*List Industry Forecasts Prosperous, Steady Holiday SeasonCautious optimism, careful prospecting and multichannel marketing seem to rule this year's holiday season list activity, according to industry brokers and managers. As the holiday mailing season gets under way, it's business as usual for list professionals and their clients.
"We're looking forward to a very good holiday season. The basics are there, the circulation is there and the opportunities for selling in two different channels are there," said Steve Tamke, senior vice president at list brokerage Mokrynski & Associates Inc., Hackensack, NJ.
As for circulation numbers in general, the consensus is that most mailers are holding steady or increasing slightly in their holiday mail plans.
Circulation is definitely up 5 percent to 10 percent, and since direct marketers are a cautious bunch, list professionals are seeing relatively aggressive mail plans both on house files and outside lists, Tamke said.
"No surprises," said Malcolm McCluskey, president of List Services Corp., Bethel, CT. "Prospecting doesn't seem to be different from past years."
McCluskey said that list management numbers are up substantially at his firm, as are brokerage numbers, but not quite as high. He added that the average order size is up a little bit on continuations.
"There are always going to be certain companies that are mailing more, some that are cutting back and the bulk in the middle that are generally consistent," said Andy Ostroy, managing partner at ALC of New York LLC. "There's nothing that's standing out as far as prospecting."
"Fortunately, there aren't any cutbacks," said Susan Giampietro, client management director of the list brokerage catalog division at ClientLogic's SpeciaLists Marketing Services Division, Weehawken, NJ.

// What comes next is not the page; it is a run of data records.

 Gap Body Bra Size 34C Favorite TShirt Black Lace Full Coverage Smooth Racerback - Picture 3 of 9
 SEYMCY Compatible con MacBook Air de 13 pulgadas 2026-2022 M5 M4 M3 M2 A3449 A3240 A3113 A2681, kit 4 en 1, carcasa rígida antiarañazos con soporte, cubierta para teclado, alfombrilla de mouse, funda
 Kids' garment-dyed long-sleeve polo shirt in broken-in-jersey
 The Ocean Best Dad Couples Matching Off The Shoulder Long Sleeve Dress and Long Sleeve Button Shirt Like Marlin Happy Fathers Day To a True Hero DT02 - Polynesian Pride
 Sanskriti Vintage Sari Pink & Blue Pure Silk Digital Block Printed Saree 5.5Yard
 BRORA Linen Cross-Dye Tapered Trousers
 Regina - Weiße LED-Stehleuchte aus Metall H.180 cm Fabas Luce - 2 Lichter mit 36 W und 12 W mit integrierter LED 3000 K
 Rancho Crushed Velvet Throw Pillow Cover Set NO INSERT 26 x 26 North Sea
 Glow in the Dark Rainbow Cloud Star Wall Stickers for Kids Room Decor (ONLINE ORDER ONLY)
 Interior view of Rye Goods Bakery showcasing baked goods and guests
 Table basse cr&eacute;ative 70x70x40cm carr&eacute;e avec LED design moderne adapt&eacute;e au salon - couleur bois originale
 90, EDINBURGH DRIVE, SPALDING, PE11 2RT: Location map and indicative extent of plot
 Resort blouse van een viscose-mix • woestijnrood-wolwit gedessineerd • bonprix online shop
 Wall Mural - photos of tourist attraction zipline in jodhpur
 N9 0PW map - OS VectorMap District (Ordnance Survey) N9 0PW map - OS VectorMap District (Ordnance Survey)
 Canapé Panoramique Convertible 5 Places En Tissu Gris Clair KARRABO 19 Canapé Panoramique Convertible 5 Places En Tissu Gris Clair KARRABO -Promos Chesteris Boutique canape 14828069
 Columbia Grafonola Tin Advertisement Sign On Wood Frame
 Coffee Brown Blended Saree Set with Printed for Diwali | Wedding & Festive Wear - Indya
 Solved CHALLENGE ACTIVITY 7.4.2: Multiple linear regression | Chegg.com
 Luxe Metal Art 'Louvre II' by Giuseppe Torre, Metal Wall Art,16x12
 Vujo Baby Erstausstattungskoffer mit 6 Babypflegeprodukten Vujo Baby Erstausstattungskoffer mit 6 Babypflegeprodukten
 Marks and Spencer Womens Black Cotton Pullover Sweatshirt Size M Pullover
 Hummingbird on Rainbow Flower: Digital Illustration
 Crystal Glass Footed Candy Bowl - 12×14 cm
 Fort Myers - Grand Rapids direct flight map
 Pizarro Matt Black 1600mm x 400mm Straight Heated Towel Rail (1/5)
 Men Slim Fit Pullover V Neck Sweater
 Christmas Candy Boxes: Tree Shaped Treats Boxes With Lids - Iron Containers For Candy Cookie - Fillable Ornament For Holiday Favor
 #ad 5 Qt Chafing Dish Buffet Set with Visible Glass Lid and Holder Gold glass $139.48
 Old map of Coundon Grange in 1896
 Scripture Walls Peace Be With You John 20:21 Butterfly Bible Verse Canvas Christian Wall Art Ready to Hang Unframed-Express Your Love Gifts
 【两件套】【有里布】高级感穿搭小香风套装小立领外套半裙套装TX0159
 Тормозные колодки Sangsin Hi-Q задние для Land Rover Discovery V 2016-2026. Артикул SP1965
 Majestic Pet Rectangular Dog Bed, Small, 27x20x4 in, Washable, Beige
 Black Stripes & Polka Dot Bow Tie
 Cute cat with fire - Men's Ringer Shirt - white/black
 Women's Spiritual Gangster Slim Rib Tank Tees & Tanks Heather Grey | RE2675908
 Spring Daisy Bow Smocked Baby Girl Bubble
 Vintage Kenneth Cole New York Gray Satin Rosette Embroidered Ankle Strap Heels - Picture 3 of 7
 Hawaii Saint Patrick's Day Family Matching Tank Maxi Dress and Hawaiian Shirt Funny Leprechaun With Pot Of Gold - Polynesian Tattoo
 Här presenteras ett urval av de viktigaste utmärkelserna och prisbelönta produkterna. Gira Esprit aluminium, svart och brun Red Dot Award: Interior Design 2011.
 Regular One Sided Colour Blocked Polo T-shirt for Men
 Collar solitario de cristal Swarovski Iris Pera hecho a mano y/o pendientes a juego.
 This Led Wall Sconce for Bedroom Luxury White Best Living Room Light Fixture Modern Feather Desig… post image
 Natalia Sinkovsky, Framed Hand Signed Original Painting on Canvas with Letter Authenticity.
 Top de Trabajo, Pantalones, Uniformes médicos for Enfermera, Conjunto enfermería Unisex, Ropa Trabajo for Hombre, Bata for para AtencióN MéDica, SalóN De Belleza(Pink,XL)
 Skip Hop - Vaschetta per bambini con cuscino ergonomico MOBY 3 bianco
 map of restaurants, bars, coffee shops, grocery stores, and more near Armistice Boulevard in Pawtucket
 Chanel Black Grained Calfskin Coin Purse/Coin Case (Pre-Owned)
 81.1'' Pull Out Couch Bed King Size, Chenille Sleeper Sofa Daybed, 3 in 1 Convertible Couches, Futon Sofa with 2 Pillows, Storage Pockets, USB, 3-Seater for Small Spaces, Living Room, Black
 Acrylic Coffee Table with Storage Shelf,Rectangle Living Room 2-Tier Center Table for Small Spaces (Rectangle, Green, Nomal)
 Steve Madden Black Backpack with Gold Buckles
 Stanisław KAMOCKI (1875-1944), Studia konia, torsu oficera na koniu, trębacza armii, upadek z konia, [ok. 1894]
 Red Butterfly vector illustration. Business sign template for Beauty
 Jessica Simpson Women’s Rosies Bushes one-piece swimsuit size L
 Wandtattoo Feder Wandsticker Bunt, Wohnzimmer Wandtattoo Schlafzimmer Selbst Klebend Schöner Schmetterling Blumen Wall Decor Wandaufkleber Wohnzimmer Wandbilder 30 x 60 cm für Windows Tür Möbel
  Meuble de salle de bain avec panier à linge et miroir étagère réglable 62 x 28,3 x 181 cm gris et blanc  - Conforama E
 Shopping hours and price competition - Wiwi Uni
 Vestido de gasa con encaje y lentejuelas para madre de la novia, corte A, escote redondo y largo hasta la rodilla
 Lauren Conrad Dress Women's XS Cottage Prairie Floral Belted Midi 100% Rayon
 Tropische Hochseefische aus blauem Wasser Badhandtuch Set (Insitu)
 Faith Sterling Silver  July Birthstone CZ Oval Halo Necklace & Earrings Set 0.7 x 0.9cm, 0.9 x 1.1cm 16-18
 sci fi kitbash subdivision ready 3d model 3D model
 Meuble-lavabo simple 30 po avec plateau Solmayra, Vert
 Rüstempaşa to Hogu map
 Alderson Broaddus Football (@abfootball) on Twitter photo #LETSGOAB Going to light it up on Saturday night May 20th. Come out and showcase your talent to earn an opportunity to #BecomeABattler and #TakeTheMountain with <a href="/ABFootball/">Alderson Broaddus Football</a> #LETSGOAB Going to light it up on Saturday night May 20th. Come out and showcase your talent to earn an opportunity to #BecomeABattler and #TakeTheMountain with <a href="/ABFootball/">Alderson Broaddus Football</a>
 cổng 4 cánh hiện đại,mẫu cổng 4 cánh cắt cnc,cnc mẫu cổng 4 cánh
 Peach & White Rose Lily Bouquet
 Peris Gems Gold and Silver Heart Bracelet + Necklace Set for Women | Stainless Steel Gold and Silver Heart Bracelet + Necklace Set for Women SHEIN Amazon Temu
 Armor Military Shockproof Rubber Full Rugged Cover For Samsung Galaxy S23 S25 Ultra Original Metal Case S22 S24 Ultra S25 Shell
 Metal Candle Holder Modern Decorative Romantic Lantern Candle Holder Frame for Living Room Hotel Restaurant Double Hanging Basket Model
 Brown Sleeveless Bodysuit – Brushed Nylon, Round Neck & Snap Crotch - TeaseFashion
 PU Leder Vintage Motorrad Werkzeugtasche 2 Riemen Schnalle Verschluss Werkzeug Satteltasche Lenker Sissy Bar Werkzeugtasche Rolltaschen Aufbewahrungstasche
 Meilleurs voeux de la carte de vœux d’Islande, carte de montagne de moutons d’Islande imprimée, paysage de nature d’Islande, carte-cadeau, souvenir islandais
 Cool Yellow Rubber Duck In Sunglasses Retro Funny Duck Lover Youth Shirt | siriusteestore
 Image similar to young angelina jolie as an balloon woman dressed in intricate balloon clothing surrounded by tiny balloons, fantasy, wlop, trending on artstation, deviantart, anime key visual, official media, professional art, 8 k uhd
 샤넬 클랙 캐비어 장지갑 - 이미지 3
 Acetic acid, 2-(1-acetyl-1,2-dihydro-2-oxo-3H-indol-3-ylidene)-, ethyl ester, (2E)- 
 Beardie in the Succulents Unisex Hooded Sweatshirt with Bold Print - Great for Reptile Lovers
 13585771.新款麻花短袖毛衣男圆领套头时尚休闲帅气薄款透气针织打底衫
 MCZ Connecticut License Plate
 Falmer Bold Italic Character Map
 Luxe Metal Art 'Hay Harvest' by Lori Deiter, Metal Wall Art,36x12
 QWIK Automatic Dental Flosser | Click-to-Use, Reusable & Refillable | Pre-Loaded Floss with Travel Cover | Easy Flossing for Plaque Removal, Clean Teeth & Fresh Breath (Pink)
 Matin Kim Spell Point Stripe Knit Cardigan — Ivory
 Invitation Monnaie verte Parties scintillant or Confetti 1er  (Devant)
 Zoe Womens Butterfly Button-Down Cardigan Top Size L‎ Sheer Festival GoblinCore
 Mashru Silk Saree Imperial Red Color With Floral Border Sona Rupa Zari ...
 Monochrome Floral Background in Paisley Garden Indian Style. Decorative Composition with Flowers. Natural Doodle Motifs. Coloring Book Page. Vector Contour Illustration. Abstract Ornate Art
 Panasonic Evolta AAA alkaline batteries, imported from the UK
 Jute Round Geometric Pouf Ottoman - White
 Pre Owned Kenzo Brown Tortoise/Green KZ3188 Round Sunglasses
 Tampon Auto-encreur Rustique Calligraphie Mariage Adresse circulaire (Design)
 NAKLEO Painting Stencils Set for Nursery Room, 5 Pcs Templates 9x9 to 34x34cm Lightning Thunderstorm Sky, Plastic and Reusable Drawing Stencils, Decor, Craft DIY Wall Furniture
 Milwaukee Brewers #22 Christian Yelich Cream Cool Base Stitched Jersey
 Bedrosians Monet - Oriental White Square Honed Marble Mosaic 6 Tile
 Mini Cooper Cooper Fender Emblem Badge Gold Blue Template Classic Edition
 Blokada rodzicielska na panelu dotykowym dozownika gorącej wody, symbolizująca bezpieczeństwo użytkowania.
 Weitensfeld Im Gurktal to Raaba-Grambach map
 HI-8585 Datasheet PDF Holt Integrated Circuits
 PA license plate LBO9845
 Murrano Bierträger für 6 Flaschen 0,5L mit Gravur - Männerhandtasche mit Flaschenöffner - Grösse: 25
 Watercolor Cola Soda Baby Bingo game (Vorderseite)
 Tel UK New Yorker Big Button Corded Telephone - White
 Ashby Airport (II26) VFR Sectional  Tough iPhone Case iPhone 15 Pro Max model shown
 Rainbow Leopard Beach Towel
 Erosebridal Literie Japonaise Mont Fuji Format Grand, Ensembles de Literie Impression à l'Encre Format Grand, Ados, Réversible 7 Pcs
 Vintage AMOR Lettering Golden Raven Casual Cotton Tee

Over the past couple of years, traditional direct mailers have established a significant presence on the Web, and are approaching this year's holiday mailing season as true multichannel marketers. Direct marketers are now dictating how they do business on the Web.
"The Web has been integrated into basic direct marketing strategy," McCluskey said. "There isn't as much hype about the Internet replacing traditional direct marketing, and mailers are just treating it as a part of their overall marketing initiative."
"There's a new emphasis in the entire Internet world on profitability and prudence, and catalogers are realizing that's the way they've approached their businesses forever," Tamke said. "On the Web, they still behave like catalogers, where there is a lot of attention paid to customer acquisition costs and bottom-line profitability."
It has become standard practice for catalogs and other direct mail pieces to contain Internet call-outs, Giampietro said. It's a risk-free way to drive traffic to a Web site with minimal effort, she added.
Internet buyers at postal address have also been added to many holiday mail plans to increase online sales.
Second to the Internet, the upcoming presidential election is an added factor for direct mailers to contend with this holiday season, Ostroy said.
It is a widely held belief in the direct marketing community that big elections distract would-be buyers and can cost marketers sales if they aren't careful.
"Presidential elections can act as a distraction," Tamke said. "It's impossible to avoid it completely, but avoid being in-home with your mail piece the week before or the week of Election Day."
"Everybody claims that there are these extraneous factors that make or break a particular mailing," Giampietro said. "This election will probably distract people somewhat, but my feeling has always been that if your catalog and brand are strong enough, it will not dramatically impact your mailing campaign."
The election aside, 2000's holiday season doesn't really stand out in terms of expectations. As any good direct marketer knows, the results will tell the real story a few months from now.